Three weeks before the birth of my first daughter, when I was swollen, uncomfortable and horrified by my bloated body, distended fingers and inability to see my toes, my midwife suggested I have more sex.
“Seriously,” she told me. “If you want her to come sooner, try having more sex.”
If only it were that easy.
I have always been comfortable with sex. I learned early to please myself and took that with me into relationships, often acting the part of the “male” who just wanted to get off as opposed to the “female,” looking for love and transcendence through sex.
Since discovering that sex had a function beyond fun and feeling good, my mojo had lessened considerably. Every time my husband came near me, I worried about the baby—would all that jostling hurt her? I worried about the way my body looked—could I really seem attractive to anyone?
And most of all, I worried about discomfort. What positions might work for someone who could not lay on their stomach, back, side or pretty much in any position that did not involve three propped pillows? My husband had similar concerns but was more inclined to go for it.
In spite of my reservations, I took her advice, contorting my unfamiliar body into positions it was not meant to access, sitting on my husband's lap, the fear—"death by crushing"—humming in my ears.

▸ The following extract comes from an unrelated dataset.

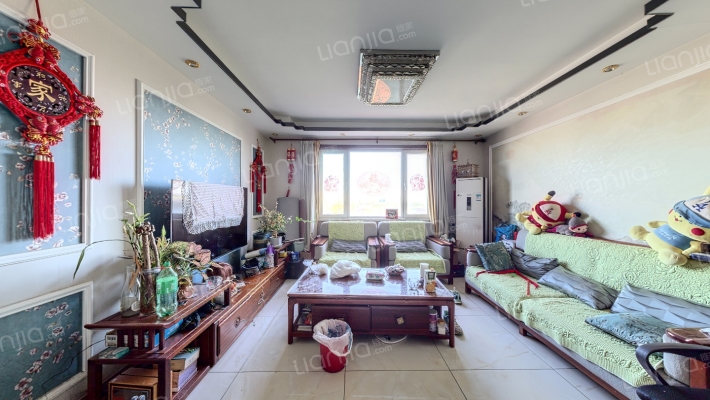 贻成知祥园二手房实景图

The sex was good, albeit bizarre, but awkward as they were, those encounters achieved the desired results. We had an early birth. Our daughter emerged from my womb two weeks early, her birth a product of the same process that created her.
After she was out, we held her between us—our twosome suddenly interrupted by the arrival of a third. We admired the blending of our features: his forehead, my eyes, his lips, my nose. She was mine, his, ours—the personification of our union.
In the early weeks, this connection did not translate to the bedroom. I wanted to hug him, hold him, stroke his hair. But I had no interest in engaging in an act that now seemed so fraught with consequences.